DATA SHOWN:
===============

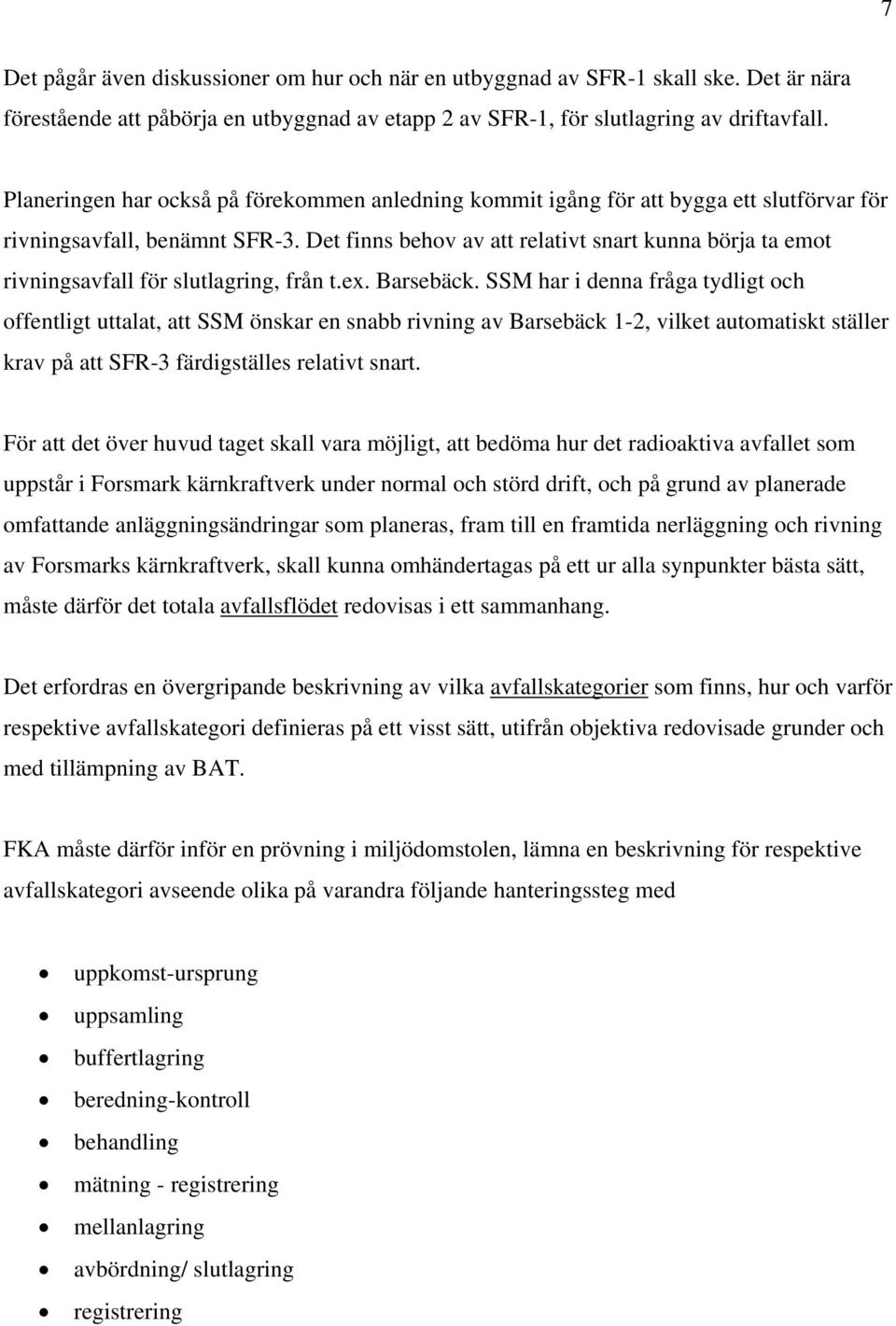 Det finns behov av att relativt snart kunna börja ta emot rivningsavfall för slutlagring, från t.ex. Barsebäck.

===============

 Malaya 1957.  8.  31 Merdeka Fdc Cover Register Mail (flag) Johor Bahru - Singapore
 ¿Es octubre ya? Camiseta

===============

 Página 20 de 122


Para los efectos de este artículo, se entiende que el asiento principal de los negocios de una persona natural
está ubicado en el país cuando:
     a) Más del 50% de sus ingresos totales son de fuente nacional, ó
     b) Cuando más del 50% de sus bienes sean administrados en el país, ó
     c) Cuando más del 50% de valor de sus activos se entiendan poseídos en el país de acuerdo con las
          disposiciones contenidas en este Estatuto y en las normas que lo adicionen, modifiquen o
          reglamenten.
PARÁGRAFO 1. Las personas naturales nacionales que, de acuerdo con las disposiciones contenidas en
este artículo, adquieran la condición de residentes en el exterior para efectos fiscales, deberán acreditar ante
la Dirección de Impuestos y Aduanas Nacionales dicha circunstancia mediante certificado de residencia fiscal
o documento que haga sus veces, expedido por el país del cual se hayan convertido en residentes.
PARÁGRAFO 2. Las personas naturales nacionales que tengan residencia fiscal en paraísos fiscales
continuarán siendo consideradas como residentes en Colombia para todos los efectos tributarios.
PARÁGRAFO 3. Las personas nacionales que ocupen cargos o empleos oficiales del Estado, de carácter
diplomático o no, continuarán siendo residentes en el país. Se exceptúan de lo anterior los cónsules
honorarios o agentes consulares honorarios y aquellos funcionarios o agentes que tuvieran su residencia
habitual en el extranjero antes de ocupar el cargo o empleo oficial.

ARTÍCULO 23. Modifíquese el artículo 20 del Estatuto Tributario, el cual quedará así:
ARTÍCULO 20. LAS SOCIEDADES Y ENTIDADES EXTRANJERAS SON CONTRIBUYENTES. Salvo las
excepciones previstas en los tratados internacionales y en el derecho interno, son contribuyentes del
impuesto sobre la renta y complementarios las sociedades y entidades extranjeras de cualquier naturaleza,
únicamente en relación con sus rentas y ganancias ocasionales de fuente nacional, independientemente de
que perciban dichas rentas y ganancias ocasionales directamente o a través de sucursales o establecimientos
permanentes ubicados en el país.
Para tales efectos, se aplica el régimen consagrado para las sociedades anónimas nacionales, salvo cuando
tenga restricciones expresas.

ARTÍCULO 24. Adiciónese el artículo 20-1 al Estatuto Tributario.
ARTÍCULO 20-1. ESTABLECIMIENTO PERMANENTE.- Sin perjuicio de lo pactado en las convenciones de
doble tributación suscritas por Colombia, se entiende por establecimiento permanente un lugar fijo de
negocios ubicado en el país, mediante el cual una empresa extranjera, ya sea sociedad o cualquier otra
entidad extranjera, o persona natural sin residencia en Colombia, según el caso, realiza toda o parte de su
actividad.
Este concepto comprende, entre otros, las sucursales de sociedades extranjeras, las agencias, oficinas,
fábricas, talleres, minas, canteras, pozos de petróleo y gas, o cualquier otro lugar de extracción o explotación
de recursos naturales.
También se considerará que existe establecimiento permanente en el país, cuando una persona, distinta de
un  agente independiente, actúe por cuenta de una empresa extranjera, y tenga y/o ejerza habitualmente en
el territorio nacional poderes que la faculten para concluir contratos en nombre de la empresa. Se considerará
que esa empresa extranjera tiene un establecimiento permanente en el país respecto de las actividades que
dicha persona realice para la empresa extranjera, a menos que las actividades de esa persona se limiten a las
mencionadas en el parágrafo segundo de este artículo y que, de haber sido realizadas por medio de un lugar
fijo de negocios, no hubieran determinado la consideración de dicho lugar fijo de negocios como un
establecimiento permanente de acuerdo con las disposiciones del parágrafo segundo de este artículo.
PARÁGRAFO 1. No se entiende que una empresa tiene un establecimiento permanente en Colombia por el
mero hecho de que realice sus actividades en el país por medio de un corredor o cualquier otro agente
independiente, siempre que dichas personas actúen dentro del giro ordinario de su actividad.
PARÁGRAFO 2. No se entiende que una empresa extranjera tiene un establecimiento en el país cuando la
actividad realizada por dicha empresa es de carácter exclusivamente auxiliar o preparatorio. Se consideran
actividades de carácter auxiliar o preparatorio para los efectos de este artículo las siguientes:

===============

BRIEF: Please, from the entries above, set down exactly the lines from the one containing "fábricas, talleres, minas, canteras, pozos" through the one containing "También se considerará", and only those.

RESPONSE:
fábricas, talleres, minas, canteras, pozos de petróleo y gas, o cualquier otro lugar de extracción o explotación
de recursos naturales.
También se considerará que existe establecimiento permanente en el país, cuando una persona, distinta de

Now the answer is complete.